I'd prefer a tree structure, I already have a nice fake allocator that works a little like a pool allocator, but without a free() function, so allocating lots of nodes isn't a problem. Also, a tree structure would let me do cool things like check if every primary in the tree is a constant, and if so I can evaluate it at compile time (To optimise a = 1 + 2 / 3 to a = 1 for example).

Also, my code doesn't work too nicely with nested brackets (I think it's a simple typo), and I haven't even tried function calls and conditional operators yet - I might just disallow them in expressions or something...
November 17, 2006 01:51 PM
Aardvajk
Multiple versions of the term() function is how my language compiler works. It started just compiling math, so you had:

expr: called norm
norm: handled add/sub and called term
term: handled mul/div and called prim
prim: handled constants, variables, functions, casts etc

This gave mul/div a higher precidence than add/sub by nature of the order stuff is scanned in.

When I came to add conditionals, I was just able to add in a cond() between expr and norm, and have expr call cond() instead of norm. cond() looked a bit like:


// rop_n - relational operator node
// sc - the global text scanner class

node *cond(bool get)
{
    node *n=norm(get);

    while(true)
        {
        switch(sc.type)
            {
            case sc.eq: n=new rop_n(rop_n::eq,n,norm(true)); break;
            case sc.neq: n=new rop_n(rop_n::neq,n,norm(true)); break;
            case sc.gt: n=new rop_n(rop_n::gt,n,norm(true)); break;
            case sc.gteq: n=new rop_n(rop_n::gteq,n,norm(true)); break;
            case sc.lt: n=new rop_n(rop_n::lt,n,norm(true)); break;
            case sc.lteq: n=new rop_n(rop_n::lteq,n,norm(true)); break;

            default: return n;
            }
        }
}



Similarly, to add in logical operators like AND and NOT, it was just a case of adding in a logi() function to be called between expr() and cond(). I found this quite extensible.

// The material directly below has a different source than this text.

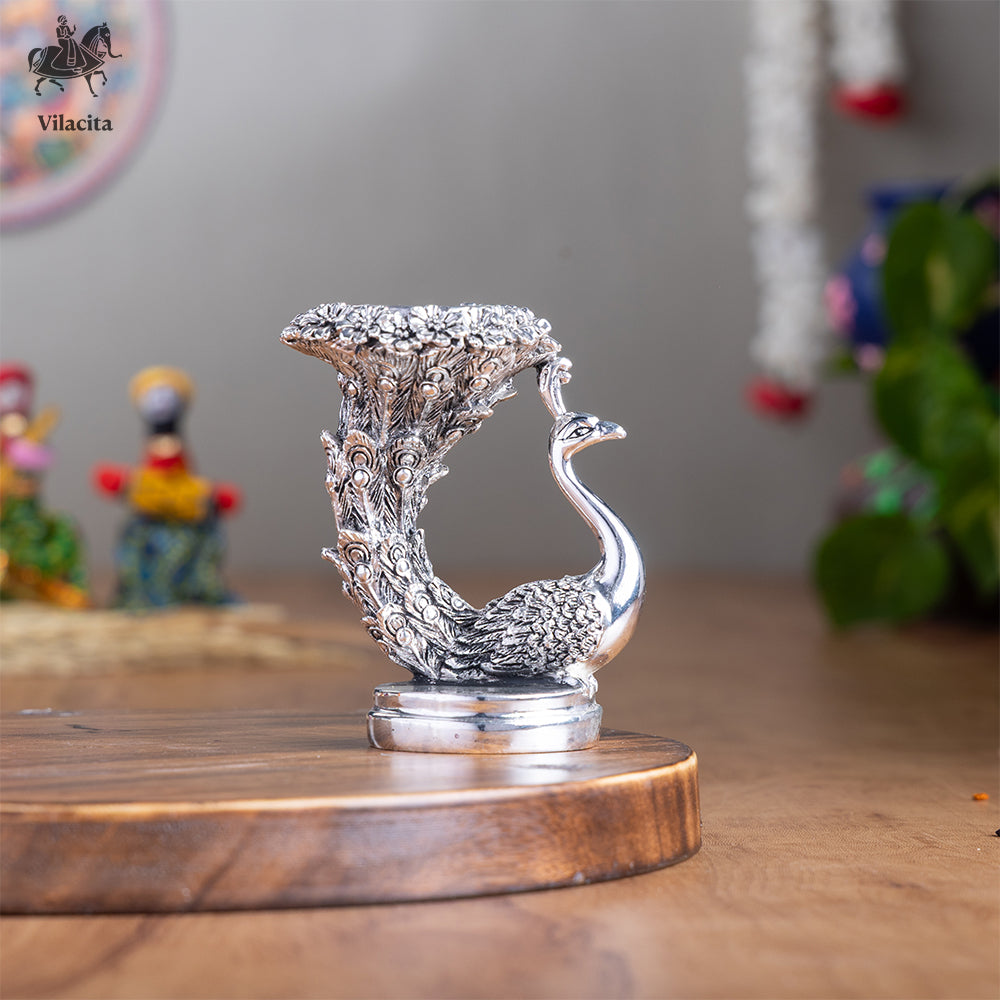 Peacock SIngle Candle Holder | Silver Plated | 4 Inch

Equally, when I decided to add in a C++ style ?: ternary operator, it was just a case of adding a bit of nonsense to the end of the expr() function:


node *expr(bool get)
{
    node *n=logi(get); n->check();

    if(sc.type==sc.qust)
        {
        n=new tern_n(n);
        n->ln=expr(true); sc(sc.colon,false); n->rn=expr(true);
        }

    return n;
}



That's how I got arbitrarily complex expression compiling working anyway. Blathering on a bit in someone else's journal. Sorry.